At a recent event attended by Steve Jobs, the Nike President invited Jobs to offer advice to the Nike organization. Steve Jobs, without hesitation said:
“Well, just one thing,” said Jobs. “Nike makes some of the best products in the world. Products that you lust after. Absolutely beautiful, stunning products. But you also make a lot of crap. Just get rid of the crappy stuff and focus on the good stuff.”
It used to be common in business school education to hear the word ‘diversify’ in context with reducing risk. Jobs’ philosophy on the other hand is to focus on one or two things that are peak perfection. Jobs: “Apple is a $30 billion company yet we’ve got less than 30 major products.”
In product design and business strategy, subtraction often adds value. “Whether we’re talking about a product, a performance, a market, or an organization, our addiction to addition results in inconsistency, overload, or waste, and sometimes all three,” writes Matthew May.
This article in Fast Company leaves us with a challenge:
Anyone can learn the principles that drive Apple’s innovation, but innovation takes courage, and few people have it. It takes courage to reduce the number of products a company offers from 350 to 10, as Jobs did in 1998. It takes courage to remove a keyboard from the face of a smartphone and replace those buttons with a giant screen, as Jobs did with the iPhone.
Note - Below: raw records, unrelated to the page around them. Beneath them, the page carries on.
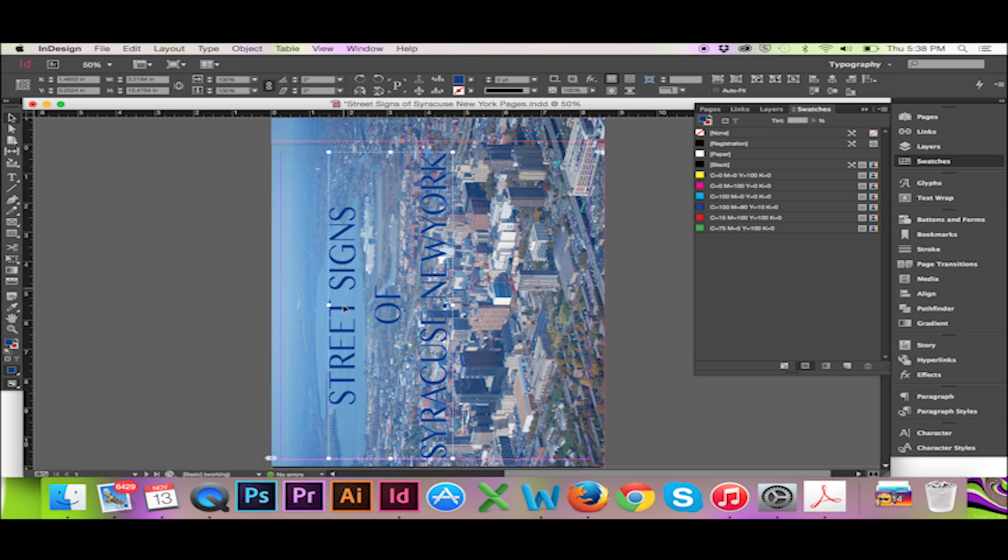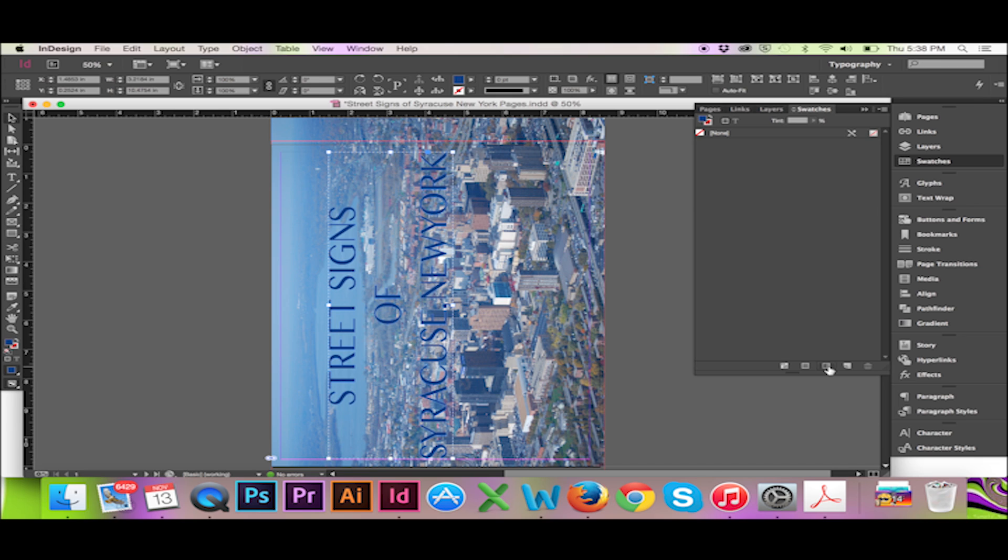Now I will open my swatches panel and click on the Show Gradient Swatches button at the bottom of this window.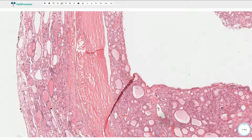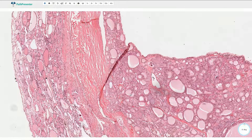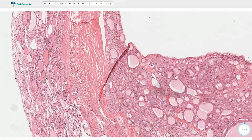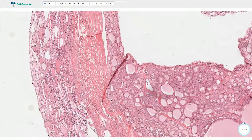Another important differential diagnosis is follicular carcinoma. Follicular carcinoma can look exactly the same as follicular adenoma; however, it is associated with an invasive type of growth. Either we can find invasion through the capsule, or we can find angio-invasion. Therefore, follicular adenoma needs to always be completely embedded and the capsule needs to be thoroughly examined to exclude invasion.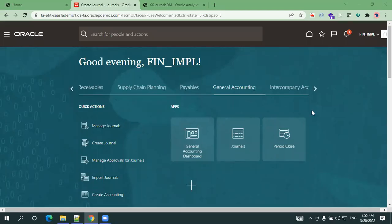Hello all! Welcome to oratrainage.com. In this particular session, we'll discuss how we create a journal and also try to understand the basic tables involved for the journal data.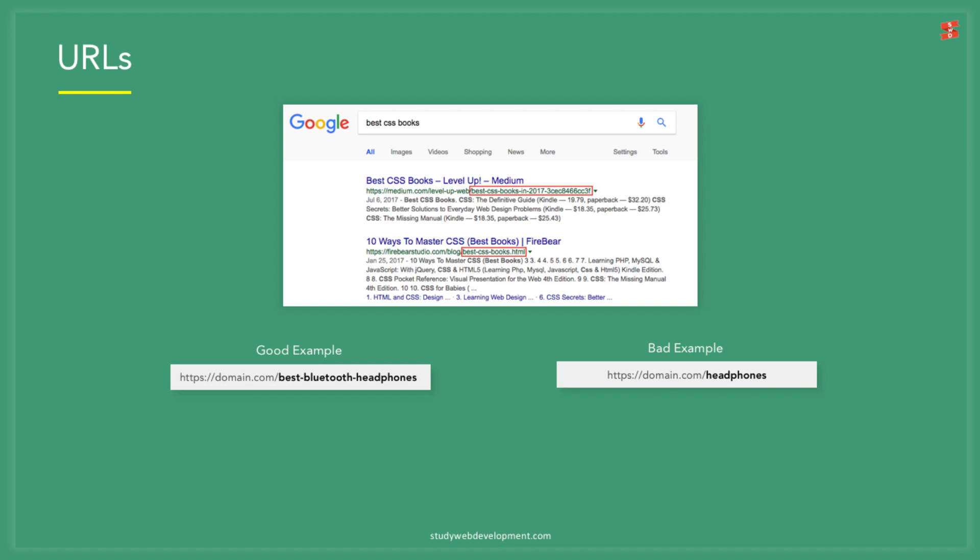Remember that the URL needs to change and be relevant on every page. It's very easy just to name a URL a certain word or certain phrase but try and be strategic about it when you're dealing with your clients' websites.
It takes courage to eliminate code from an operating system to make it more stable and reliable, as Apple did with Snow Leopard. It takes courage to eliminate all of the words on a PowerPoint slide except one, as Steve Jobs often does in a presentation. It takes courage to feature just one product on the home page of a Web site. It takes courage to launch fewer new products in a year than your competitors launch in a month. It takes courage to adopt unpopular stands, such as saying Adobe flash is unfit for the modern mobile era, as Jobs did in April of 2010. And it takes courage to make a product so simple that a child can use it.
Do you have the guts to keep things simple?